Changes in brain chemicals may explain how early life hardship affects OUD and other related problems. Dopamine is very important for motivation and wanting rewards. Changes in dopamine signals are a key factor in drug seeking, as well as other mental health problems linked to early life hardship, such as mood issues and seeing or hearing things that are not real. Dopamine problems are also connected to not feeling pleasure. Early life hardship has been widely linked to problems with the dopamine system in animals, especially in the striatum. This might be caused by changes in other chemical systems related to stress and reward. Also, the effects of early life experiences on dopamine signals may be stronger in females. So, it is possible that problems with dopamine caused by early life hardship are involved in OUD and its related mental health issues.

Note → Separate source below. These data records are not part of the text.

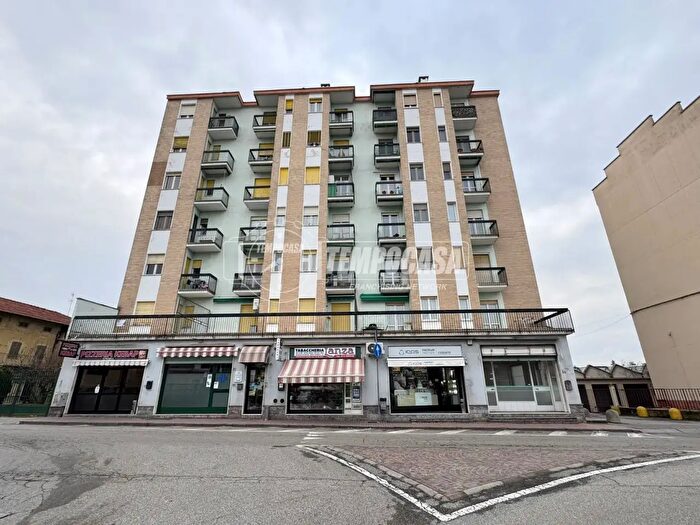 Appartamento quadrilocale in vendita in Via Guglielmo Marconi, Cossato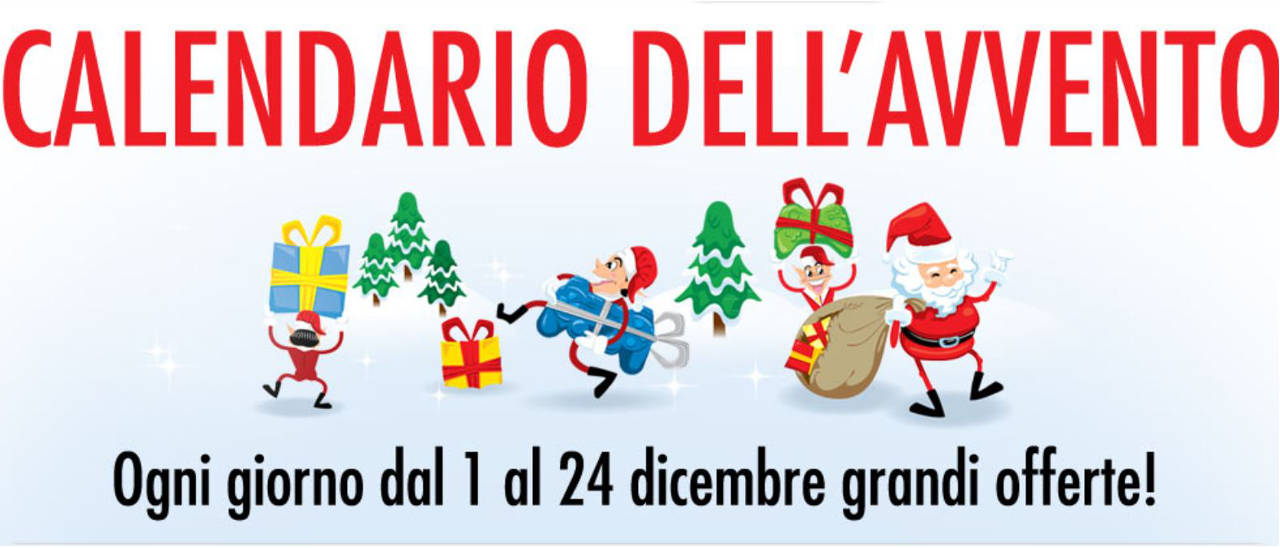 GameStop lancia il Calendario dell'Avvento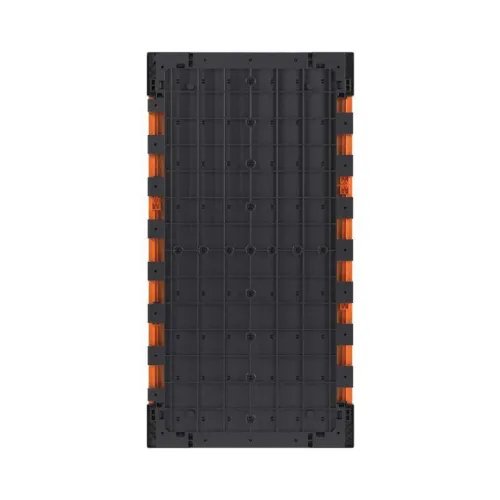 Колодец пластиковый для кабельной канализации с крышкамиF0750х375х750 DKC 270375V0 фото 3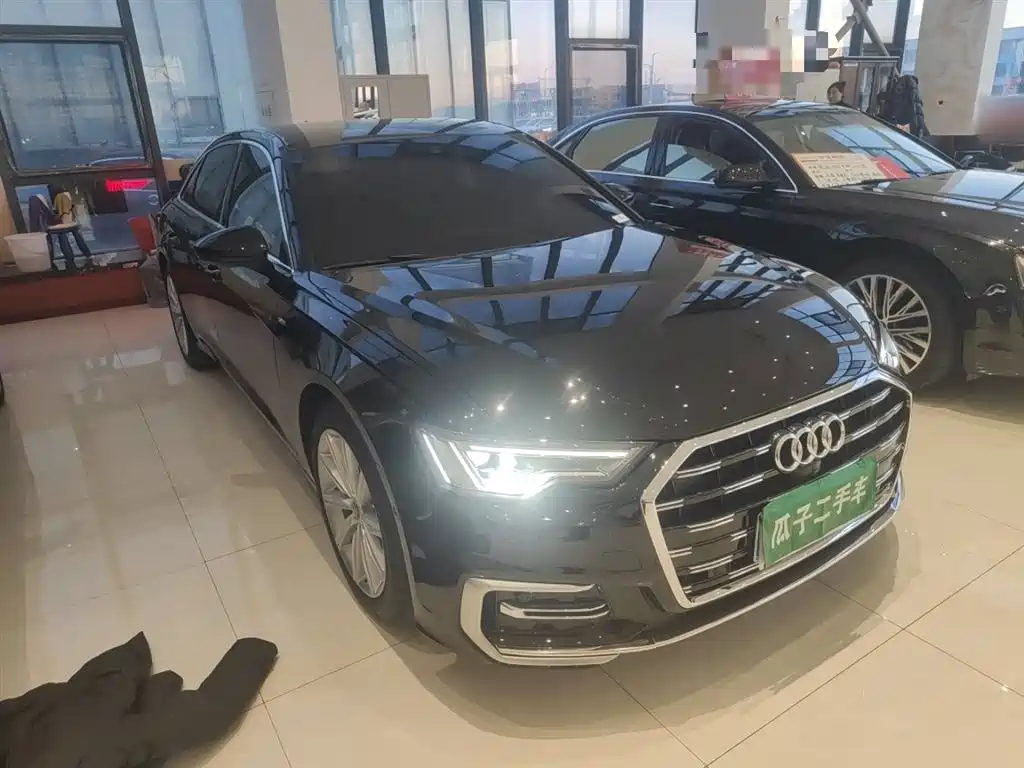 Audi A6L 2024 45 TFSI Premium Dynamic фото 20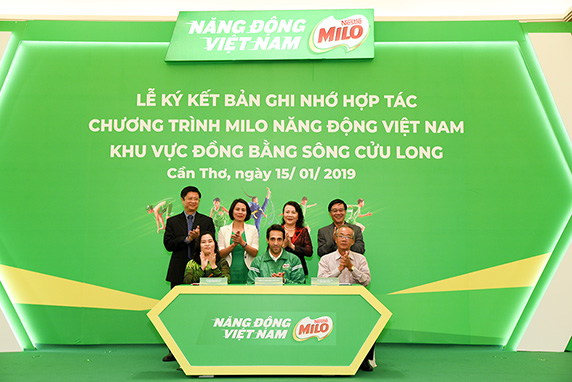 2chương trình năng động Việt Nam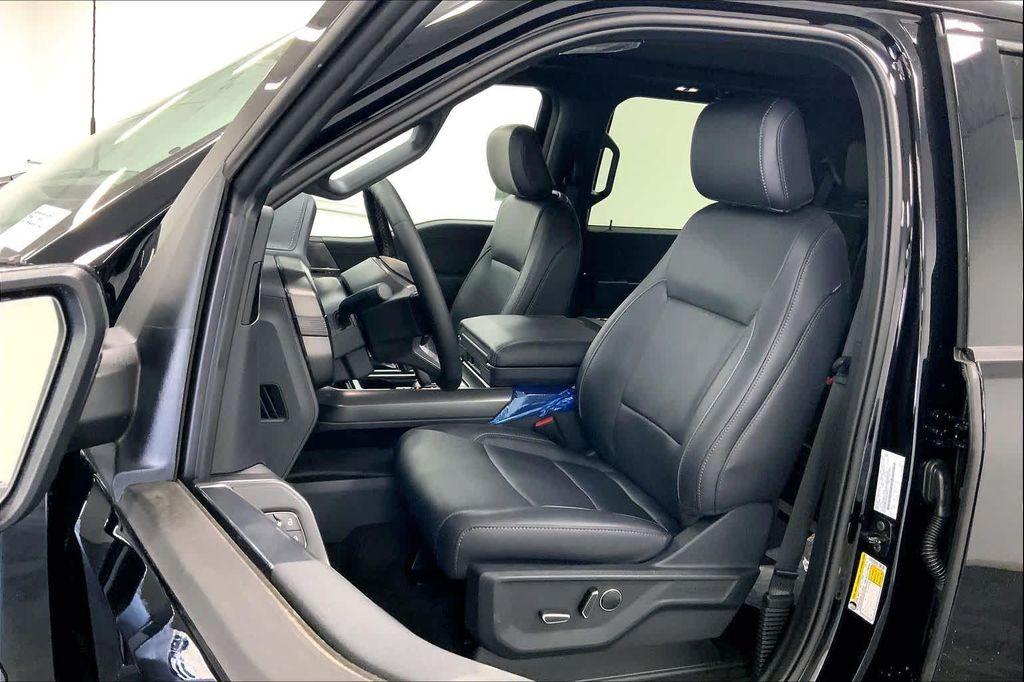 new 2025 Ford F-150 car, priced at $72,184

Natural opioids in the body also play a big role in feeling pleasure and in forming social bonds early in life. So, the body's natural opioid system might also be an important link between early life hardship and reward-related problems later on. Changes in the levels of opioid receptors have been seen in both males and females after early life hardship, though in different ways. For example, one study showed increases in certain opioid receptor levels in the NAc of female mice after early life stress from a predator smell. Other studies have found long-term changes in natural opioid chemicals and opioid and dopamine receptor levels in reward-related areas, which vary by both sex and how long the early life stress lasted. Opioid receptors are known to affect dopamine signals in the striatum, and early life hardship might make this effect stronger. Thus, problems with natural opioids and dopamine caused by early life hardship could lead to mental health disorders and increased use of opioids at the same time.

Along with evidence from human studies, these findings show that early life hardship changes important areas of the reward system. This makes people more likely to develop mental health problems. More study is needed to prove how these changes in the brain caused by early life hardship lead to reward-related problems. This will be crucial for finding cures for OUD and its related mental health issues.

Conclusion

Studies in both animals and humans suggest that hard times during important growing periods in childhood change how the brain's reward system develops. We still need much more research to understand the exact nature of these difficult experiences, how different types of hardship can have different effects, and the processes behind the abnormal growth of reward circuits. The resulting problems in how rewards are processed are likely a common reason for OUD and its related mental health issues. As both animal and human studies show, how these problems in the reward system appear can vary. It depends on the type and amount of hardship, a person's sex, and experiences later in life. However, problems with how key brain areas function and are built, such as the front part of the brain, the striatum, and the amygdala, have been described in many studies and across different animal species. This suggests a common cause linked to early life development. Similarly, not feeling pleasure (anhedonia) may be an important sign of a disturbed reward system that connects early life hardship, OUD, and other mental health problems. Further research into the brain biology behind reward system problems caused by early life hardship will give us important insights into where OUD and its related problems come from. This research may also lead to new and successful treatments.